The Man Who Loved Cat Dancing (1973)
“Two women loved him. One died for him. One killed for him.”
Director: Richard C. Sarafian
Cast: Burt Reynolds, Sarah Miles, Lee J. Cobb
Synopsis: Western story about a defiant wife who leaves her husband to take up riding with outlaws.
Perhaps if Burt Reynolds had persevered with straight roles instead of taking the fatal decision to allow his career to become mired in a succession of brainless good ol’ boy comedies he might have carved a respectable reputation for himself as a serious actor. He’s certainly better in The Man Who Loved Cat Dancing than in most of his other films, despite the distinct lack of sexual chemistry between him and his co-star Sarah Miles.
Reynolds plays Jay Grobart, the nominal head of a gang of four outlaws whom we first meet in the midst of a train robbery.
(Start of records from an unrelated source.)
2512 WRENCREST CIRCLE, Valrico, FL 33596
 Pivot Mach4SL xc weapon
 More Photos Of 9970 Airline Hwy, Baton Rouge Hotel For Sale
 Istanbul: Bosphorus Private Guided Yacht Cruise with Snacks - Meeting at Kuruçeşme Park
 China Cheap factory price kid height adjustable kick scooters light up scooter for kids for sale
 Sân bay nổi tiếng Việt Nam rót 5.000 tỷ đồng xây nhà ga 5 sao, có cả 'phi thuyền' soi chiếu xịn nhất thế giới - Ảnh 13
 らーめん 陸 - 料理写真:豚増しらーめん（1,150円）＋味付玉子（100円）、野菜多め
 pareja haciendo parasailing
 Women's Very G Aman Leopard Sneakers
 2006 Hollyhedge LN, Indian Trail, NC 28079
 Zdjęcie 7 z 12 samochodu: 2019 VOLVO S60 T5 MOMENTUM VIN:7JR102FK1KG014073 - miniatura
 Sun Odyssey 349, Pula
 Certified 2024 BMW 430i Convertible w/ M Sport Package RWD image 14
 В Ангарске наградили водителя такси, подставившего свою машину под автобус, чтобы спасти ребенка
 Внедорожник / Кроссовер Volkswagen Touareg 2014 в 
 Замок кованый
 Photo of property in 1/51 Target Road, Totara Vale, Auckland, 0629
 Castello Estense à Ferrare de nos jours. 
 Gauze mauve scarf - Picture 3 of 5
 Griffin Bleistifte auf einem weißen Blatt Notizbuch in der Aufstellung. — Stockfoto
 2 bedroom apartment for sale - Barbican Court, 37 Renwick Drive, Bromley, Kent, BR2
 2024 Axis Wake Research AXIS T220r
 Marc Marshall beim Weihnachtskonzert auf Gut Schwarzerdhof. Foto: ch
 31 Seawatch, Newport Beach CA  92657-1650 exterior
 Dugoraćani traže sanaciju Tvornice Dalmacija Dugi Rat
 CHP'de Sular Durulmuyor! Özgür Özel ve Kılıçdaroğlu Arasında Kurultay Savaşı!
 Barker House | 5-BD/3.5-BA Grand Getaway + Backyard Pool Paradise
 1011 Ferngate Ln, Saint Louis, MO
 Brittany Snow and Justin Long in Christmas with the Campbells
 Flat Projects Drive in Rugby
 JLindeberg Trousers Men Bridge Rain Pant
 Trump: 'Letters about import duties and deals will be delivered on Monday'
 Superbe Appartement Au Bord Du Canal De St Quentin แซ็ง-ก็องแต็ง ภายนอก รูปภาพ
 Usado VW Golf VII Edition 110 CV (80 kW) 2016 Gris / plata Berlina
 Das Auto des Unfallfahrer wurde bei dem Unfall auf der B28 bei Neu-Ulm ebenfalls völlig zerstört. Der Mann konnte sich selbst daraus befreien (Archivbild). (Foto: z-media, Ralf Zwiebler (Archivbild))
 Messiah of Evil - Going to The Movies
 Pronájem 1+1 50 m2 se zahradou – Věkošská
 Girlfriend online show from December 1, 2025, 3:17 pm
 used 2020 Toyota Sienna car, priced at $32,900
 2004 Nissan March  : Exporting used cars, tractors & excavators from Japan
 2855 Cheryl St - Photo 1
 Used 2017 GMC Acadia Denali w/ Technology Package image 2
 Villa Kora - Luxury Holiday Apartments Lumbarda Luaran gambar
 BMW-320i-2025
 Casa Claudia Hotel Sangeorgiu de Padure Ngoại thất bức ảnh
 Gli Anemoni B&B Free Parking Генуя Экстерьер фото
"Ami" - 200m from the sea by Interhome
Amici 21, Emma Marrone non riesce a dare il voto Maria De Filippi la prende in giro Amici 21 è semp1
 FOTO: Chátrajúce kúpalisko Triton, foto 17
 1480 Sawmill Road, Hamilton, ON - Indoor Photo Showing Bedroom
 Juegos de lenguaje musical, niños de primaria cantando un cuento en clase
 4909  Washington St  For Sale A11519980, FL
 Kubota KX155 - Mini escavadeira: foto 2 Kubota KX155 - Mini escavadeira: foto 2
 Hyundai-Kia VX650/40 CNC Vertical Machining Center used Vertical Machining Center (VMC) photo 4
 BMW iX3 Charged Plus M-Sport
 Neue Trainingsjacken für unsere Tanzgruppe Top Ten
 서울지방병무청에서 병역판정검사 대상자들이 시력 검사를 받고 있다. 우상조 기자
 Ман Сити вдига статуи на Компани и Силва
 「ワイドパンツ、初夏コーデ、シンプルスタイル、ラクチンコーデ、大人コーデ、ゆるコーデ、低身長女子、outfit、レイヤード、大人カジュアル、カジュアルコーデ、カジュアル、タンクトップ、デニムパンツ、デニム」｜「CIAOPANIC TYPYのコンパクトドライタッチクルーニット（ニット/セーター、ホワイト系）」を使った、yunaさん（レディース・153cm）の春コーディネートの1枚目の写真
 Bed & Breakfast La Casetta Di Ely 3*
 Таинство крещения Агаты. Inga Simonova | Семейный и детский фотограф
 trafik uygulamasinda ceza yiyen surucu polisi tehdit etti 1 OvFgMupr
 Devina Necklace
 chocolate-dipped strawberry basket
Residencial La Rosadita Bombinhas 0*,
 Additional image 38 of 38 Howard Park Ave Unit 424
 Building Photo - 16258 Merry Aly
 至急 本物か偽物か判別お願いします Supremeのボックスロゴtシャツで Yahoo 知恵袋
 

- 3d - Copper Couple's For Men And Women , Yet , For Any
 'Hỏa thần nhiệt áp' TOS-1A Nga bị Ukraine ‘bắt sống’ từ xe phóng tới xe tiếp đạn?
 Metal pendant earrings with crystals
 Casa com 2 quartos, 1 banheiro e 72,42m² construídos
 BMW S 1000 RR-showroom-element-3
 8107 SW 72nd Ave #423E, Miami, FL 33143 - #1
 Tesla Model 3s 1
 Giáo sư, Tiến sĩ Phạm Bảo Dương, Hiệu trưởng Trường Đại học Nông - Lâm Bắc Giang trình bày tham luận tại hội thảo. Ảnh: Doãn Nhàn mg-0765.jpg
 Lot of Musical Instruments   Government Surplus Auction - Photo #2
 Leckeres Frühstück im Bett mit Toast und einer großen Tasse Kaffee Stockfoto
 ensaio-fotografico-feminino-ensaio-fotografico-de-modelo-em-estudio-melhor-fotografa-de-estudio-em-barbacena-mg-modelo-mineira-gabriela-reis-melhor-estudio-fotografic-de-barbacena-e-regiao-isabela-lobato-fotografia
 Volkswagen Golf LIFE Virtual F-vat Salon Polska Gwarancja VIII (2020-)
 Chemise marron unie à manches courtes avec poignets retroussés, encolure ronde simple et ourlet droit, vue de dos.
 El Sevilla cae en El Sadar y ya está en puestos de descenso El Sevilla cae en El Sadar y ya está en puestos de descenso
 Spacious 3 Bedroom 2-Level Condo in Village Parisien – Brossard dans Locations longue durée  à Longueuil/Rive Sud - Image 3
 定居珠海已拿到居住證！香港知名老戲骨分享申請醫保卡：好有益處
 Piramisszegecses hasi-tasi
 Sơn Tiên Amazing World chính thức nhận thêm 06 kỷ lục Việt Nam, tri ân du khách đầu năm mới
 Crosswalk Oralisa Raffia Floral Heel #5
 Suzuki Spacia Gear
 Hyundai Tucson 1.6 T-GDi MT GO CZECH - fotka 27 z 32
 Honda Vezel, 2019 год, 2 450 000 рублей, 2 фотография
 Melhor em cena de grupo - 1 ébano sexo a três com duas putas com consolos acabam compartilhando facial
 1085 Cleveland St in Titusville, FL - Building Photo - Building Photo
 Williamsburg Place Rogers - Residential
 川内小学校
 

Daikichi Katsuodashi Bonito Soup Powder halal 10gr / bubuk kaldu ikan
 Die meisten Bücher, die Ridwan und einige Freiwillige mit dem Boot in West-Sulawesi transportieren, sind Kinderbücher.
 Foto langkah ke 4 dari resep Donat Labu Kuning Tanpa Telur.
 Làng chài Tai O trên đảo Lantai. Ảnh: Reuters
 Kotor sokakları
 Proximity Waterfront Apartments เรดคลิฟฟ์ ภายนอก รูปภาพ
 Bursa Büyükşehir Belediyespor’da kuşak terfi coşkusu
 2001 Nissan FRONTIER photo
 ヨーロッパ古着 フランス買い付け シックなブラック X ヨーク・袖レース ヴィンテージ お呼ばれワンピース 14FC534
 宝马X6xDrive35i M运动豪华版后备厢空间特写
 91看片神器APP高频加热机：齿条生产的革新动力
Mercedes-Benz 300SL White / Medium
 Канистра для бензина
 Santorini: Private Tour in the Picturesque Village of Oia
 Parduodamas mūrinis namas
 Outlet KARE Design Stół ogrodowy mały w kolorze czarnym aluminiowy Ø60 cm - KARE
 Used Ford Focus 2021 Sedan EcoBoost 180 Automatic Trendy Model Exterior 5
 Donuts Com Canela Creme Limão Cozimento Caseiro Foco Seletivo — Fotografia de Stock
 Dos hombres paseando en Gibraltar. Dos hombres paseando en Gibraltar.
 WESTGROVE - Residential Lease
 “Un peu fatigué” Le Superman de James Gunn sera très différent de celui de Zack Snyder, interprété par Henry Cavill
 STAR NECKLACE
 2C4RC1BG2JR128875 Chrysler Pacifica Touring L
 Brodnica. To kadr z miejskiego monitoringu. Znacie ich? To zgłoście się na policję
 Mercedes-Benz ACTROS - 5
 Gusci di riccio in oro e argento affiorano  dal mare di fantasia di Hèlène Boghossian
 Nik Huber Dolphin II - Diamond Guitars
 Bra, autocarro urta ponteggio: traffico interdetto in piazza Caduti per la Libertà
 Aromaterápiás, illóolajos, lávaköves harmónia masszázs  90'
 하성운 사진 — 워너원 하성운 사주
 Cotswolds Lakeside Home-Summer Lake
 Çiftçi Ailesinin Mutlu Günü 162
The others in the gang are Billy (Bo Hopkins), one of those exuberant outlaws for whom every law is made for breaking, Dawes (Jack Warden), an older man, and, it turns out, assuming a status as the villain of the piece which initially looks as if it’s going to be claimed by Hopkins’ Billy, and an Indian, Charlie (Jay Varela), who is the only one of the three that Jay can really trust. The robbery goes smoothly, apart from the fact that the gang are obliged to abduct a rather brittle lady (Miles) who, it transpires, is running away from her husband. Her presence creates the expected tensions amongst the gang members, who are hotly pursued by a posse led by veteran tracker Lap Chance (Lee J. Cobb) and Crocker (George Hamilton), the abducted woman’s husband.
Despite the title, the film is as much about the character of Catherine Crocker as it is Grobart. The screenplay hints at some frigidity on her part – or at least a sexual incompatibility with her husband which prompts her to flee – but it never delves too deeply into that side of her story, focusing instead on the burgeoning relationship between her and Grobart. Although a bandit, Grobart’s one of those noble breed, motivated by a desire to be reunited with his children who are being raised by the tribe of Indians to which his former wife, the eponymous Cat Dancing, belonged.
The Man Who Loved Cat Dancing takes its time telling its story, particularly when Grobart and Catherine are alone, and is let down by a lack of consistency. There’s little meaningful interplay between Grobart and Catherine to suggest or explain the depth of their feelings for one another, which results in a lack of concern about their plight on the part of the audience as the posse closes in. The fractious relationship between Jay and the other gang members is of more interest. These are disparate men, with no sense of loyalty to one another, whom circumstance has thrown together, and whose relationship is destined to end with violence.